1911 Encyclopædia Britannica/Hunter, Robert Mercer Taliaferro

21864891911 Encyclopædia Britannica, Volume 13 — Hunter, Robert Mercer Taliaferro

HUNTER, ROBERT MERCER TALIAFERRO (1809–1887), American statesman, was born in Essex county, Virginia, on the 21st of April 1809. He entered the university of Virginia in his seventeenth year and was one of its first graduates; he then studied law at the Winchester (Va.) Law School, and in 1830 was admitted to the bar. From 1835 to 1837 he was a member of the Virginia house of delegates; from 1837 to 1843 and from 1845 to 1847 was a member of the national house of representatives, being Speaker from 1839 to 1841; and from 1847 to 1861 he was in the senate, where he was chairman of the finance committee (1850–1861). He is credited with having brought about a reduction of the quantity of silver in the smaller coins; he was the author of the Tariff Act of 1857 and of the bonded-warehouse system, and was one of the first to advocate civil service reform. In 1853 he declined President Fillmore’s offer to make him secretary of state. At the National Democratic Convention at Charleston, S.C., in 1860 he was the Virginia delegation’s choice as candidate for the presidency of the United States, but was defeated for the nomination by Stephen A. Douglas. Hunter did not regard Lincoln’s election as being of itself a sufficient cause for secession, and on the 11th of January 1861 he proposed an elaborate but impracticable scheme for the adjustment of differences between the North and the South, but when this and several other efforts to the same end had failed he quietly urged his own state to pass the ordinance of secession. From 1861 to 1862 he was secretary of state in the Southern Confederacy; and from 1862 to 1865 was a member of the Confederate senate, in which he was, at times, a caustic critic of the Davis administration.

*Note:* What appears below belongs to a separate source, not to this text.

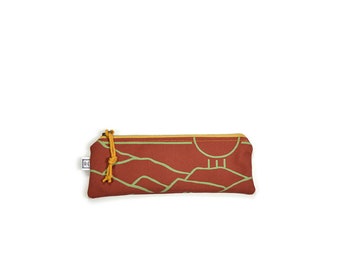 pencil case • zipper pouch • geometric print - hand screenprinted pencil case - soutwestern - mountains - desert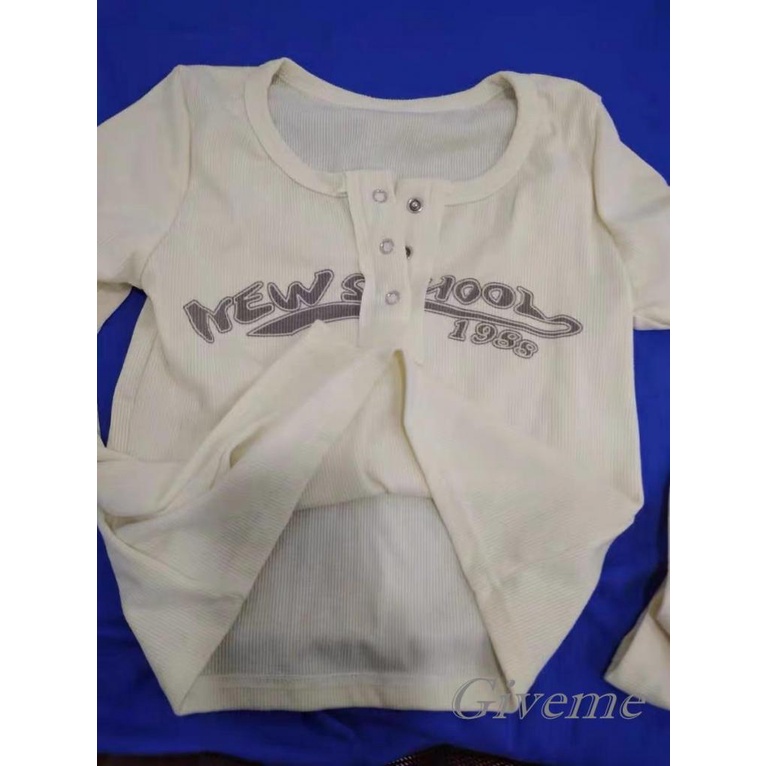 Áo Crop Top Dệt Kim Dài Tay In Chữ Y2k Thời Trang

He was one of the commissioners to treat at the Hampton Roads Conference in 1865 (see Lincoln, Abraham), and after the surrender of General Lee was summoned by President Lincoln to Richmond to confer regarding the restoration of Virginia in the Union. From 1874 to 1880 he was treasurer of Virginia, and from 1885 until his death near Lloyds, Virginia, on the 18th of July 1887, was collector of the Port of Tappahannock, Virginia.

See Martha T. Hunter, A Memoir of Robert M. T. Hunter (Washington, 1903) for his private life, and D. R. Anderson, Robert Mercer Taliaferro Hunter, in the John P. Branch Historical Papers of Randolph Macon College (vol. ii. No. 2, 1906), for his public career.